Visiting Professor at Kyiv School of Economics
Anastasiia Vlasenko

HURI Research Fellow  at the Ukrainian Research Institute, Harvard University

September 2023 - April 2024
Supported jointly by a VUIAS Fellowship Abroad and by HURI with the Alex Woskob Family Foundation Endowment Fund

 

HURI Research Project

Legislators in Networks: Corruption, Clientelism, and Law-Making

How do legislative networks affect politics? This project examines the effect of lawmakers' ties in the Ukrainian parliament on corruption, political survival, and law-making activities. In addition to conventional party and fraction ties, Ukrainian legislators tend to form networks through unelected parliamentary staff where personal legislative assistants serve as human links between members of parliament.

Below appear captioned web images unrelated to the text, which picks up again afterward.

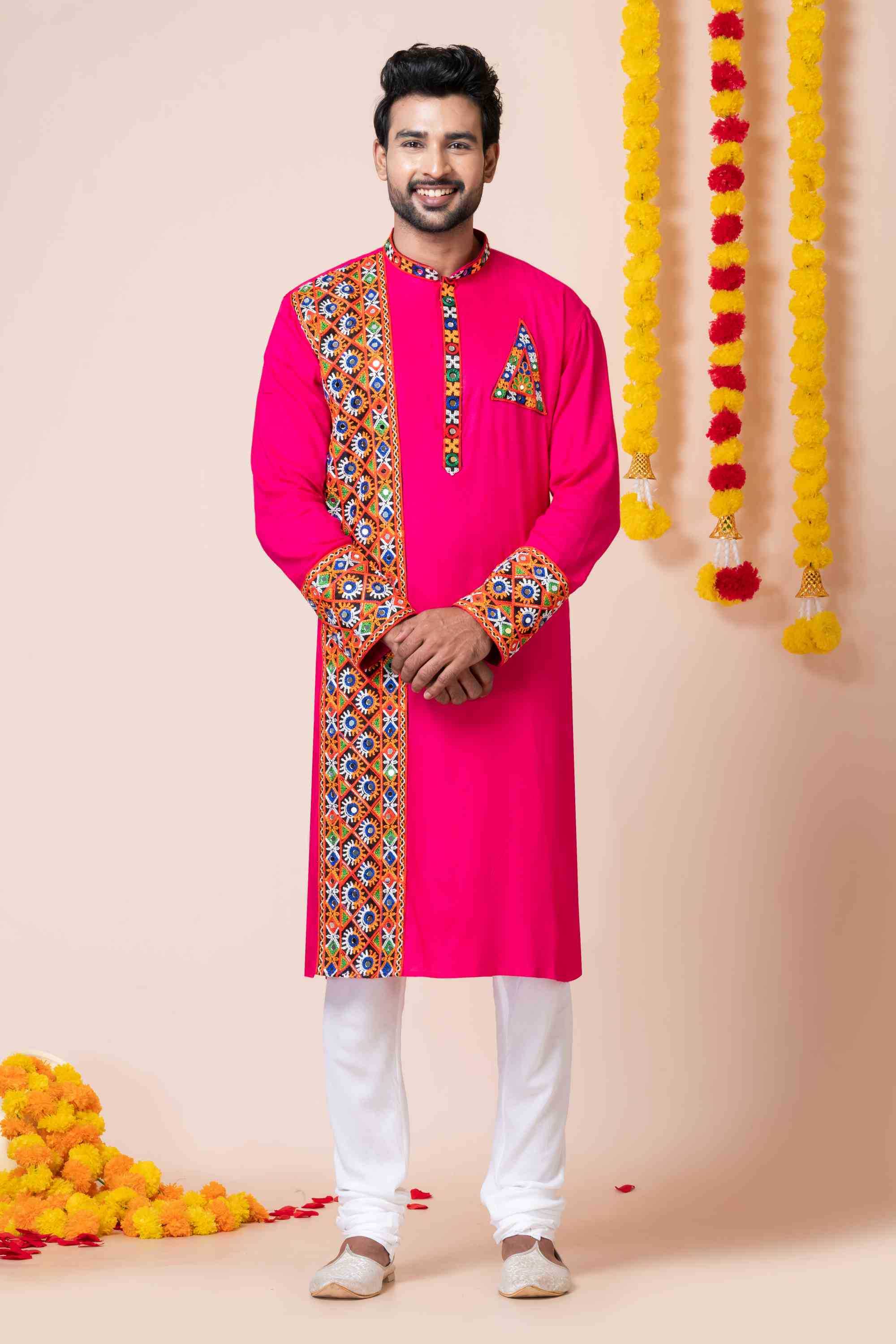 YNF Wholesale Rayon Mens Kurtas  | Surat Manufacturer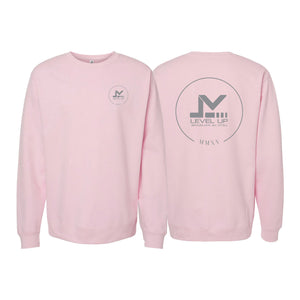 Level Up BJJ Crewneck Sweatshirt #8138 L (Main)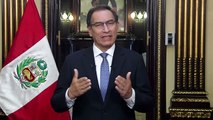 Presidente do Peru anuncia reforma política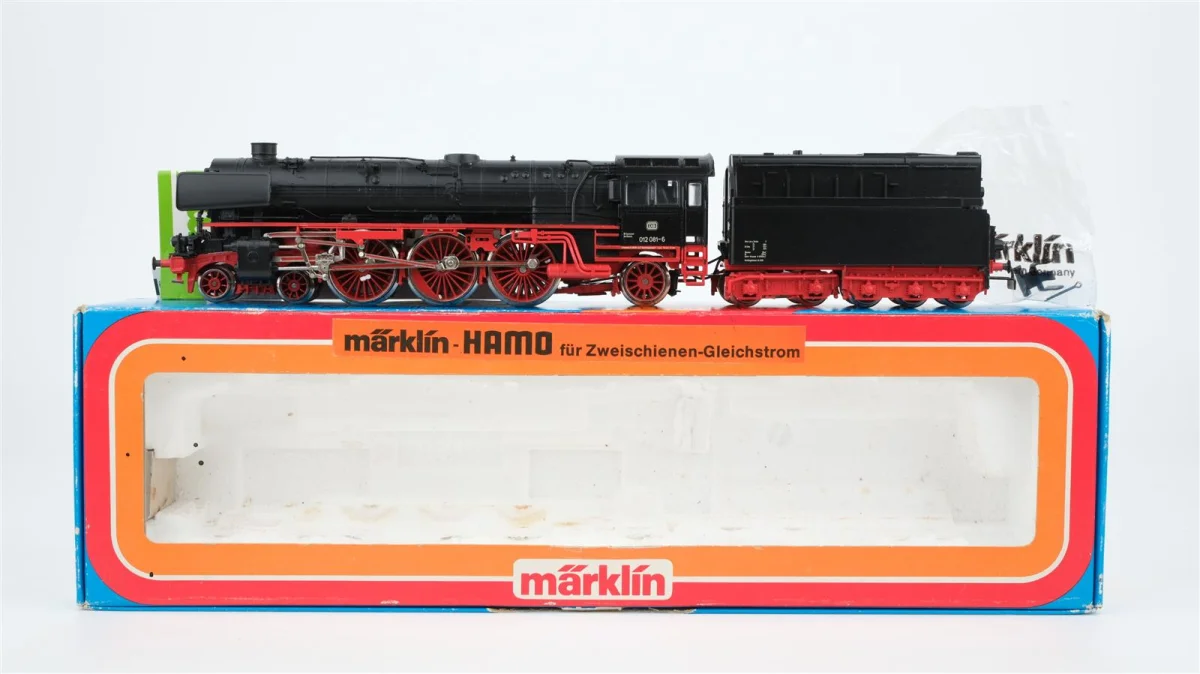 Märklin H0 8310 Dampflok BR 012 081-6 DB Gleichstrom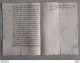 GENERALITE DE MONTPELLIER AVRIL 1674   DOCUMENT DE 5 PAGES - Gebührenstempel, Impoststempel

Dr. Vlasenko suggests that a higher number of legislator's ties within such networks is associated with increased returns to office through participation in corruption schemes, better chances of reelection, and higher frequency of legislative co-sponsorship. This effect of legislative networks exists due to proliferation of clientelist relations aided by Ukrainian oligarchs. The study implies that rent-seeking and vote-buying behavior is made possible by low levels of accountability and transparency which are typical for countries with weak democratic institutions.

Biography

Anastasiia VlasenkoDr. Anastasiia Vlasenko is a HURI Research Fellow at Harvard’s Ukrainian Research Institute, jointly supported by HURI and by the Virtual Ukraine Institute for Advanced Study with a VUIAS Fellowship Abroad. She is also a visiting professor at Kyiv School of Economics and recent postdoctoral fellow at the NYU Jordan Center for the Advanced Study of Russia. She studies legislative politics and democratization with specialization in politics of Ukraine. Her monograph project, ‘Legislators in Networks: Corruption, Clientelism, and Law Making’ investigates how legislative networks formed through parliamentary aids can affect rent-seeking behavior in the Ukrainian parliament. Vlasenko is particularly interested in the study of corruption, legislative politics, transitional period reforms, propaganda, electoral politics, and forecasting. Her research has been published in the Journal of Politics. She received her Ph.D. from the Department of Political Science at Florida State University in 2022, M.A. in Political Science from Florida State University in 2018, M.A. in International Relations from New York University in 2016, and M.Sc. in European Affairs from Lund University in 2013, and B.A. in Political Science from the National University of Kyiv-Mohyla Academy in 2011. In 2020-2021, she worked at the Hertie School in Berlin as a visiting researcher. In 2014-2016, Vlasenko was a Fulbright scholar at New York University. At Florida State University, New York University, and Kyiv School of Economics, she has been teaching courses on comparative politics, public policy, quantitative methods, and post-Soviet studies.